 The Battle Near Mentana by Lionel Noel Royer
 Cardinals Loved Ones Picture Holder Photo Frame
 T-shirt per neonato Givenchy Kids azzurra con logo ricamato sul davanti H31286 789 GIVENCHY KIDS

==

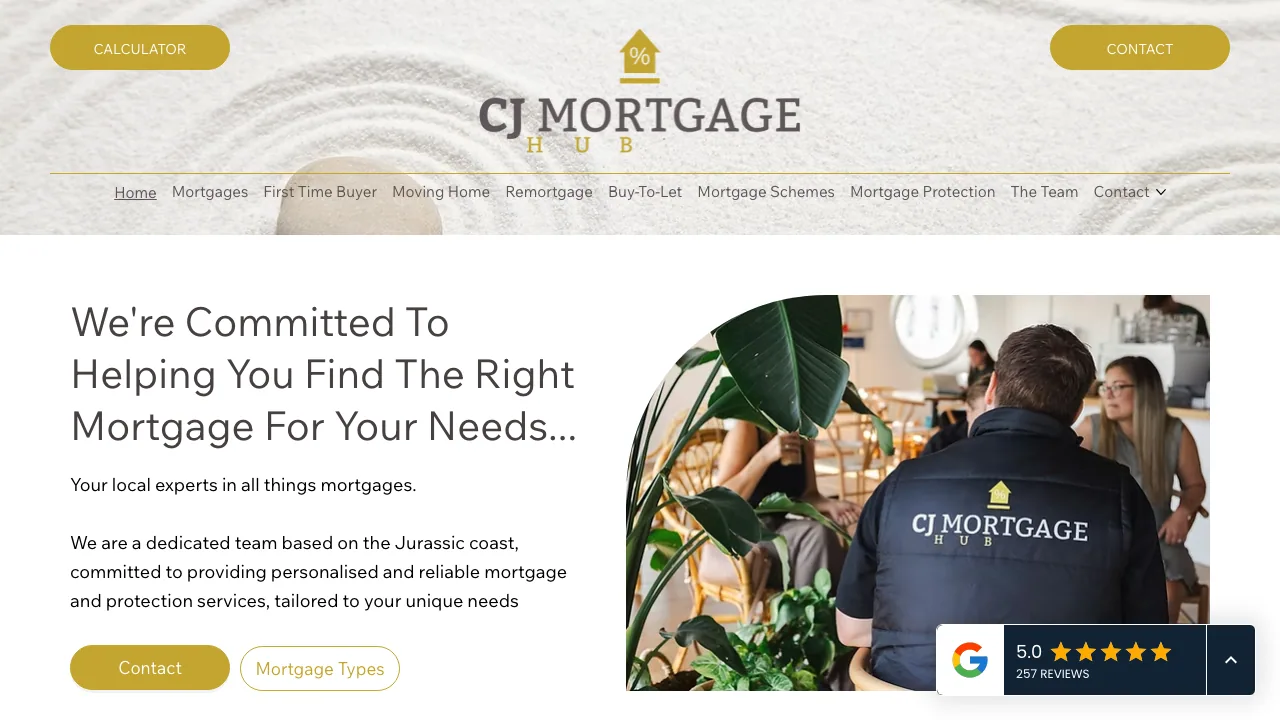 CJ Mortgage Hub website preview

* * *

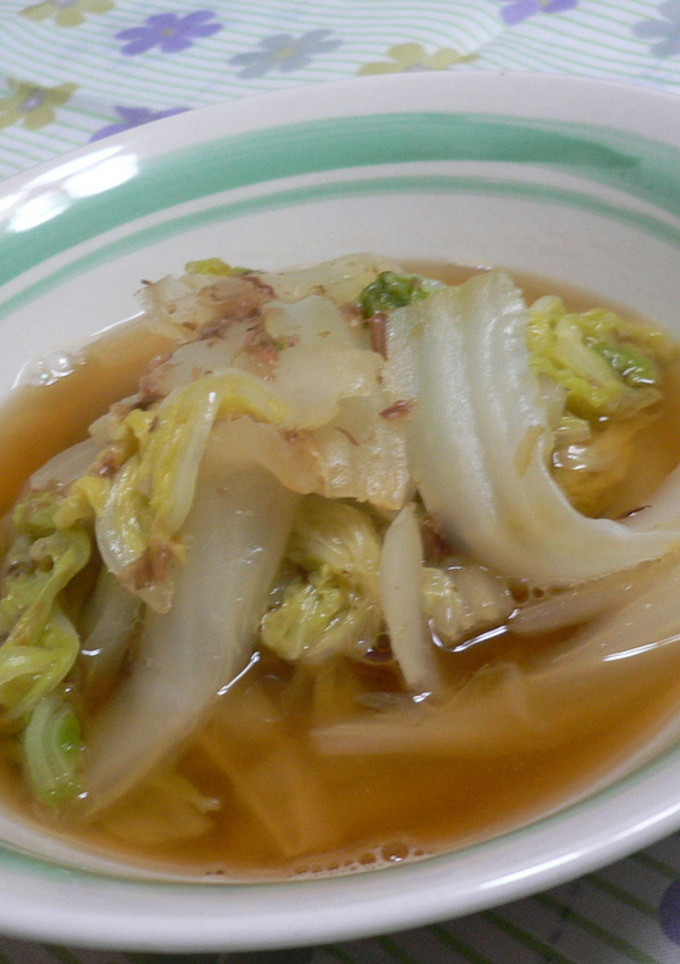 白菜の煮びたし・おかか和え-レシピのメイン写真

**What the task asks**: Retype exactly the span of lines from the one with "The Battle Near Mentana by Lionel Noel Royer" through the one with "T-shirt per neonato"; include both ends and omit the rest of the material.

**Output**:
 The Battle Near Mentana by Lionel Noel Royer
 Cardinals Loved Ones Picture Holder Photo Frame
 T-shirt per neonato Givenchy Kids azzurra con logo ricamato sul davanti H31286 789 GIVENCHY KIDS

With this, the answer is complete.